Well, security doesn't matter in your playframework application?
Why don't you use long-living cookies?
Hope it helps!
In an intranet context with ActiveDirectory and workstations registered in the domain, the HTTP SPNEGO Negotiation support is the best option. But it requires specific skills around ActiveDirectory and Java Kerberos implementation.
Spring Security provides implementation and documentation to set it up. But Secure.Security is not designed to support token-based authentication like HTTP Negotiation. So using Spring Security will require a specific integration module.
Other options are OpenID and shibboleth but both requires a dedicated server, which can be configured to do SPNEGO itself. Thanks to available Play modules, integration in your application will be easier.
The only way to get the username in an HTTP header without client-side complex and unsecure/unreliable tweaks is to use an authentication proxy between browsers and your application server. Most of these proxies also support Kerberos SPNEGO as authentication mean.
Non-heavy answer
It sounds like it should be possible to get your ops team to implement a Group Policy which will send the logged-in username down the wire as an HTTP Header.
Otherwise, you're correct in your assumption that there is some sort of negotiation "dance" between IE and your server. See here. Perhaps you can fake this dance in your Play code.
Heavy answer
I know jCIFS and this example uses servlets and filters, but the important bits of code can be extracted and a custom Play Authenticator can be built (I can paste a Scala example override of play.api.mvc.Security.Authenticated , but your answer is tagged Java). You only need the request headers (not body) so it should be doable in an authenticator.
PS jCIFS seems to have had an update since your post, so I'm presuming you'd reconsider using hacking it.
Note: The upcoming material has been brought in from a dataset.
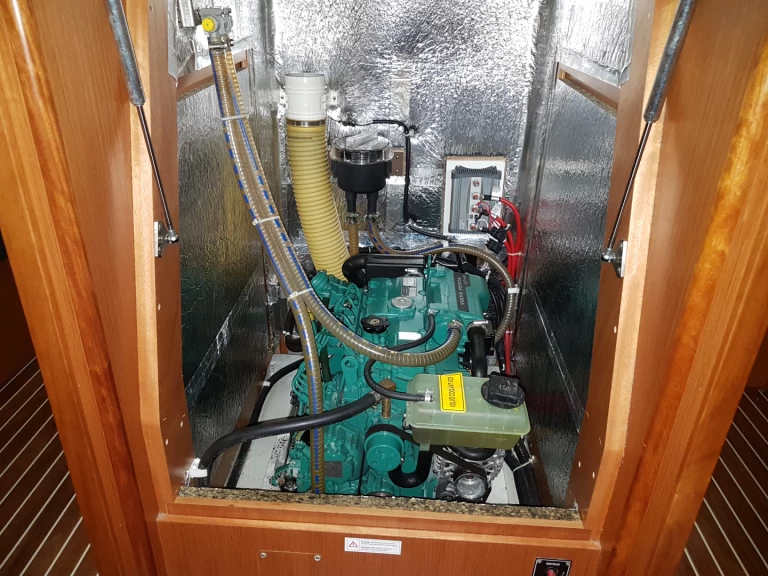 Bavaria Cruiser 41 charter bareboat eller skeppad i Lefkáda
I'm wary of unmaintained libraries too, but sometimes they just reach a maturity and stability which alleviates the need for any more updates.
Active Directory uses Kerberos, so all logged in users should have a kerberos ticket.
A fast google found this:
https://blogs.oracle.com/wyllys/entry/kerberos_web_authentiation_with_apache
If you want the windows logon details, I think it's your only option.
You can try to use Shiro for enabling SSO in your application.
Shiro id independent of the servlets and since your framework does not support Servlets you can very easily go for Shiro.
You can create a Realm where you define the hashPassword.
You can configure the username and the hashPassword and ask the shiro to authenticate your user with the hashPassword.
You will then assign role for the user which will serve your purpose of SSO.
You can authenticate user for more than one application and hence when user logs into another application the shiro has already authenticated you and hence it will straight away log you inside the application..
You can go through the shiro documentation(exhaustive and you should be able to configure it on first go) from the following link:-
http://shiro.apache.org/
It provides you many out of the box functionality for authenticating and authorization along with security and Cryptography modules.
The username isn't sent in the header. Even if it was this shouldn't be relied upon as a savvy user could fake the values.
If NTLM would be a valid option for you Jespa might be a good alternative to JCIFS. Jespa (unlike JCIFS) supports NTLM v2, among other things. The limited version of it (up to 25 users) is free.
You can always get any header from filter. See javadoc for HttpServletRequest.